FreeDict dictionaries are marked up using the XML version of the Text Encoding Initiative DTD, Chapter 12 (Dictionaries).

This may seem a little daunting at first, but please read on as we are working quickly to make this much easier. Full instructions are given in the "Writing a FreeDict Dictionary" section. We are also developing and testing tools that may be suitable for automating most of this.

There are many advantages to using a standard content based approach like this:

Advantages of using the TEI XML markup format

  1. Inherits most of the advantages of XML including:

    • content based rather than layout based

    • application independent

    • platform independent

    • further processing readily possible across the entire FreeDict collection

    • enables full use of existing or customised XML technologies

  2. Standardises input and output formats.

  3. Protects against obsolescence

  4. TEI has comprehensive DTDs available.

    • The Dictionary DTD is just one of a very wide conceptual set.
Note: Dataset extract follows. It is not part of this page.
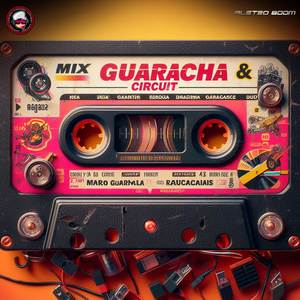 Mix Guaracha & Circuit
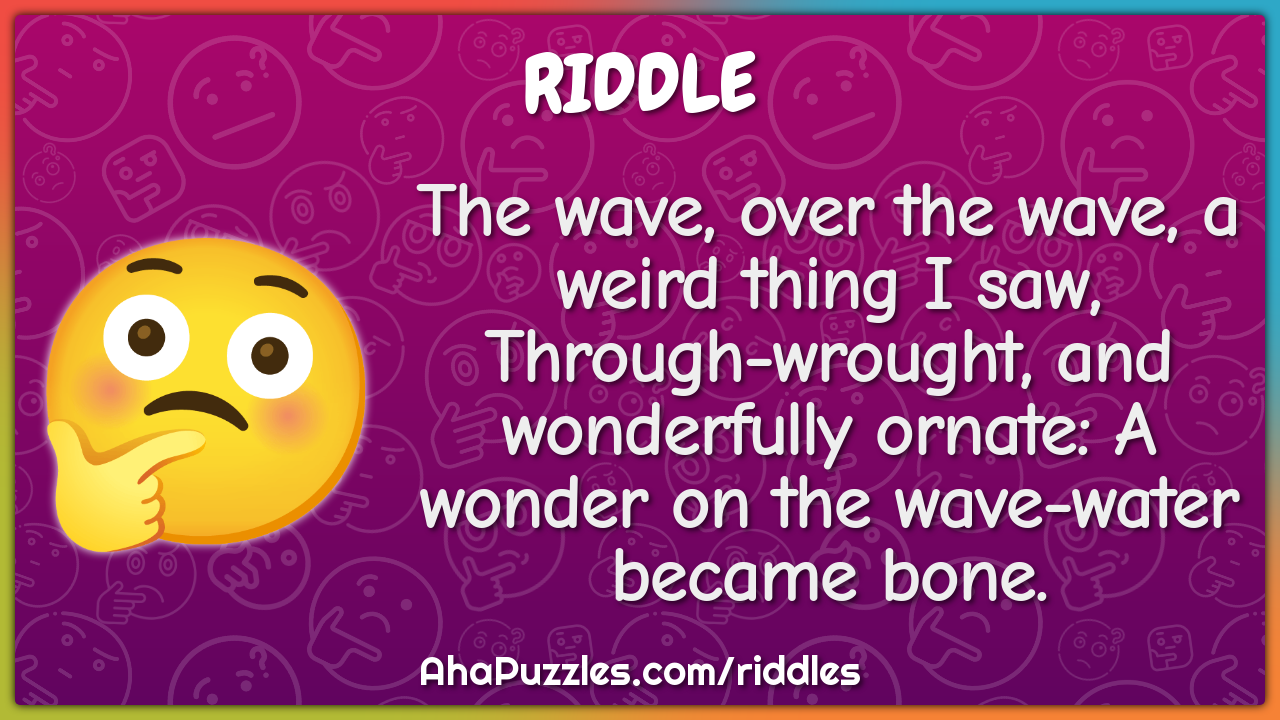 The wave, over the wave, a weird thing I saw, Through-wrought, and...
    • Elements already exist for lexicographic, etymological, phonetic and other particularities of dictionaries.

    • The TEI XML combination allows processing, development and use beyond the immediate scope of the FreeDict translating dictionaries.
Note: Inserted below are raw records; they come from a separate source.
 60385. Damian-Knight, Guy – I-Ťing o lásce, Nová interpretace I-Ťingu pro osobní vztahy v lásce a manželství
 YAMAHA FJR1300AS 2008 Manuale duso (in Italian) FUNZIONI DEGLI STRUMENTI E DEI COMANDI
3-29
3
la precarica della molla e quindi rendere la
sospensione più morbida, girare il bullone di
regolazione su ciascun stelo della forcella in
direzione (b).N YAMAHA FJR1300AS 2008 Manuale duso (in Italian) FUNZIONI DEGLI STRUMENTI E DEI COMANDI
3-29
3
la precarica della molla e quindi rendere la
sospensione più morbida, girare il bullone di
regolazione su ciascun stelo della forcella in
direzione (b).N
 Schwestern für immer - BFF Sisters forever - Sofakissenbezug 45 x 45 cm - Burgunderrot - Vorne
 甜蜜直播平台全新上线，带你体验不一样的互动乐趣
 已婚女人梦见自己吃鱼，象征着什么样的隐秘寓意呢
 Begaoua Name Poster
  5. TEI technologies are reasonably well understood and used in academic circles.

Like for anything else, using TEI XML bears disadvantages:

Disadvantages of using the TEI XML markup format

  1. High memory requirements, for storage as well as for processing

  2. The TEI DTD is too permissive. It allows too complex content models for its elements, because it was written to capture as many existing texts as possible. Since almost all elements are allowed inside others, writing software to further process TEI data becomes complex. FreeDict uses its own subset of the TEI DTD. This subset wil be defined in this Howto, once it is stable. Till then it is described only.

  3. TEI is missing typologies. Eg. TEI does not prescribe to encode the Part of Speech of a noun as "noun" or "n" or anything else. Another missing typology is one for Cross References, eg. "synonym", "hypernym" etc. FreeDict has to define them.

  4. XML data requires more than a text editor for easy maintenance due to its verbosity. Eg. you cannot enter entries speedily when you have to enter all tags manually. To ease this, FreeDict develops the (as of yet unreleased) FreeDict-Editor.